The spokes must be at an angle to provide lateral stiffness to the wheel. However, the wheel must be in static equilibrium, so on a dished wheel with different spoke angles on each side, the drive side and non drive side spokes must be in different tension, or else have different diameter or spoke count. This is well known. But why go to the trouble? Why not move the non drive side flange in as well, and use the same spoke tension on both sides?
Suppose on the drive side, the spoke flange is offset 20mm from the hub centerline, but on the left, the flange is offset 40mm. Obviously, 20mm of offset is sufficient offset for the drive side, in order to impart sufficient strength and stiffness to the wheel. In fact, I postulate that the larger offset of the non drive side is unable to add additional stiffness vs. the 20mm offset of the drive side because the wheel must be in equilibrium. Any additional offset of the non drive side must be compensated for by looser spoke tension, anyway, giving no benefit. So why not just make it 20mm on both sides, and reap the benefits of a shorter, stiffer axle?

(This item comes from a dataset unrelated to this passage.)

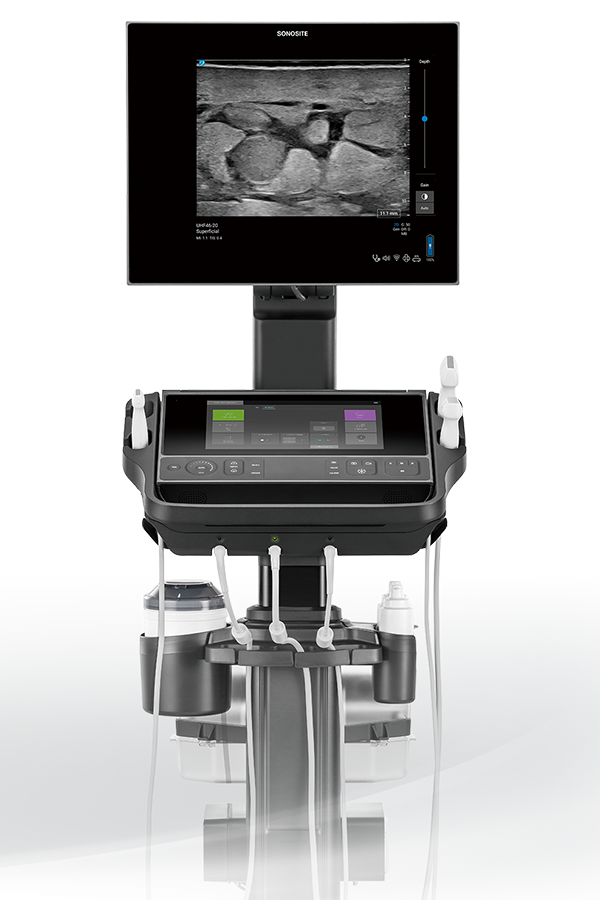 SonositeLX正面画像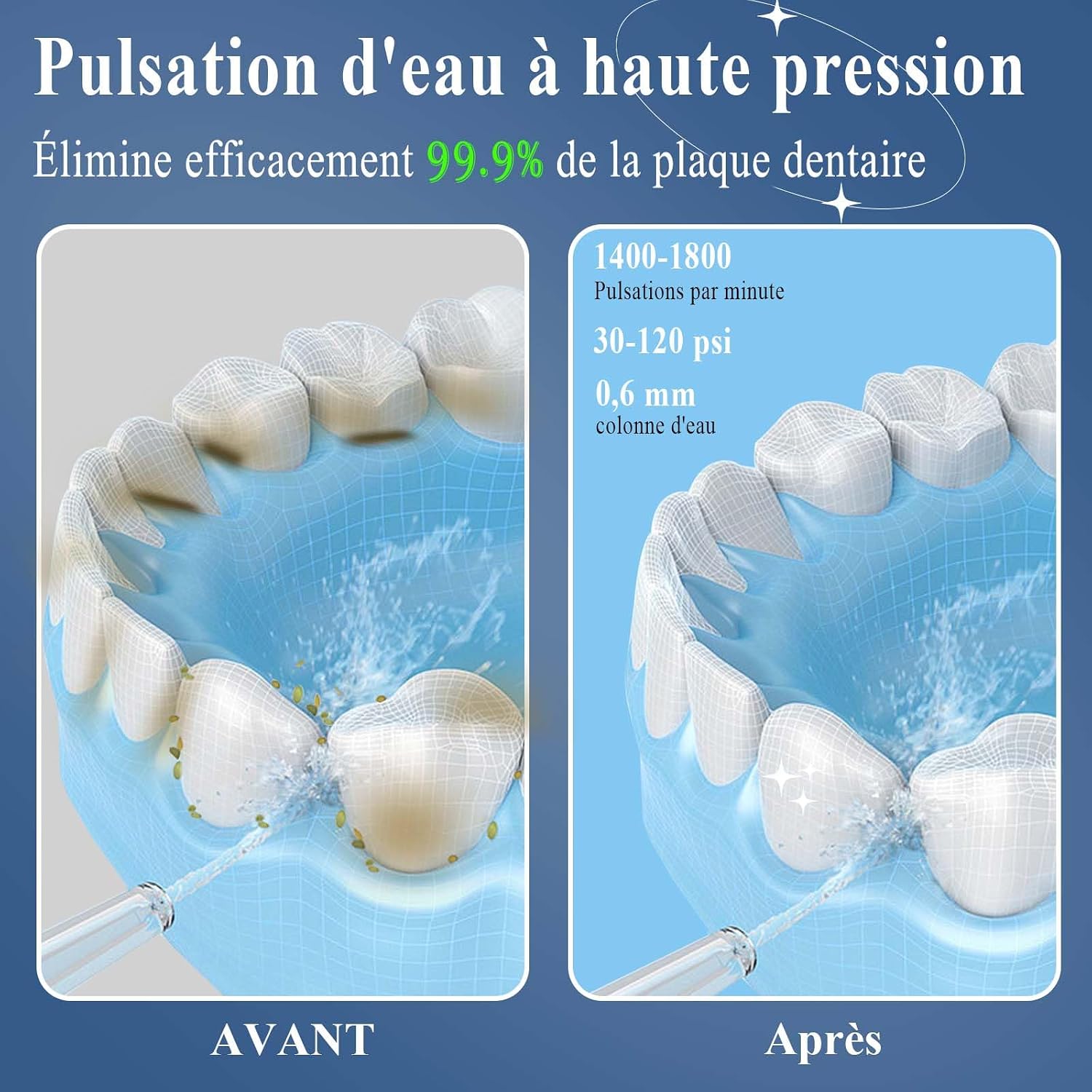 Detalle de SURFOU Jet Dentaire Hydropulseur Professionnel – Irrigateur dentaire alimenté par USB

It cannot be true that dish provides a laterally or vertically stiffer wheel. The wheel must be in equilibrium, so the stiffness of a dished wheel should be the same as a wheel where both flanges were simply the same distance from centerline as the drive side. In other words, the drive side is the limiting factor. The only advantage I can see to dishing is that the lower spoke tension on the non drive side might allow thinner (but longer!) spokes and thinner hub flange, saving weight. But this seems unlikely to compensate for the weight savings that could be had with a shorter axle.
Another possible reason is an aesthetic desire for a laterally symmetrical frame dropout spacing. But in a world of Lefty forks, is this really a barrier?
I thought of this after seeing a heavy duty touring bike with an un-dished rear wheel.